Over time, the Valentino name became as much a system of licensing as a silhouette, stretching into fragrance, lingerie, and home categories that offered a ticket to the dream without requiring couture money or couture patience.

The financial punctuation mark came in 1998, when Valentino and his partner Giancarlo Giammetti sold the business to Italian conglomerate HdP for about $300 million. It was a price tag that, at the time, looked like a triumph of monetised taste.
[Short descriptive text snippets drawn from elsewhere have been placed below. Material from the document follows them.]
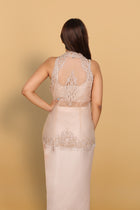 Champagne beige Indo-Western tulip skirt with bustier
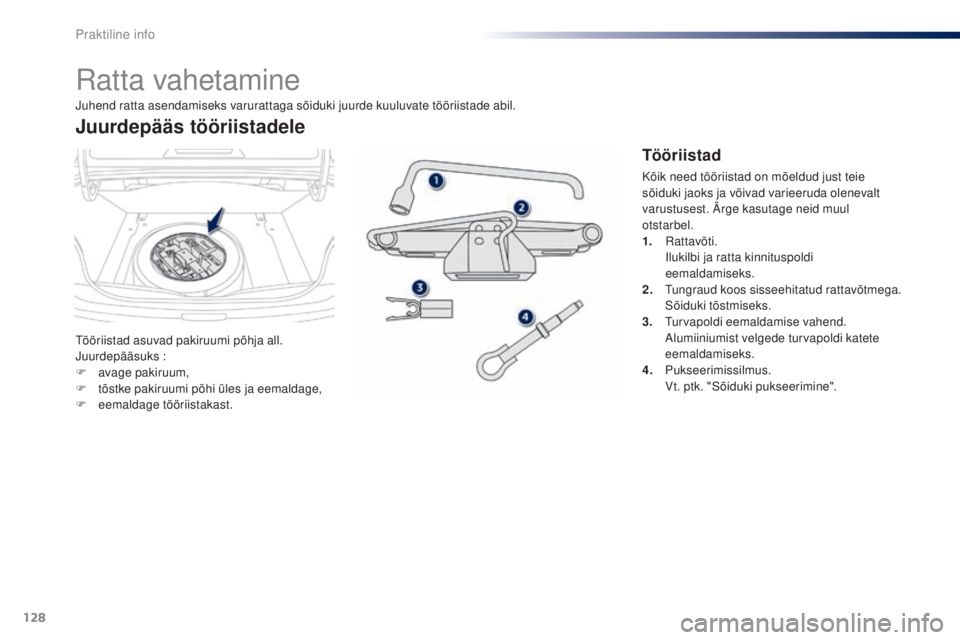 Peugeot 301 2015  Omaniku käsiraamat (in Estonian) 128
301_et_Chap09_info-pratiques_ed01-2014
Ratta vahetamine
Tööriistad asuvad pakiruumi põhja all.
Juurdepääsuks :
F 
a
 vage pakiruum,
F
 
t
 õstke pakiruumi põhi üles ja eemaldage,
F
 
e
 em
Armani: the industrialisation of elegance

If Valentino filmed glamour, Armani engineered it. He made understatement feel not merely tasteful, but powerful: the clean shoulder, the softened structure, the neutral palette that implied the wearer had nothing to prove. His revolution was not just aesthetic; it was managerial. Armani was among the designers who treated fashion as a disciplined industrial project that could expand without losing the brand’s voice.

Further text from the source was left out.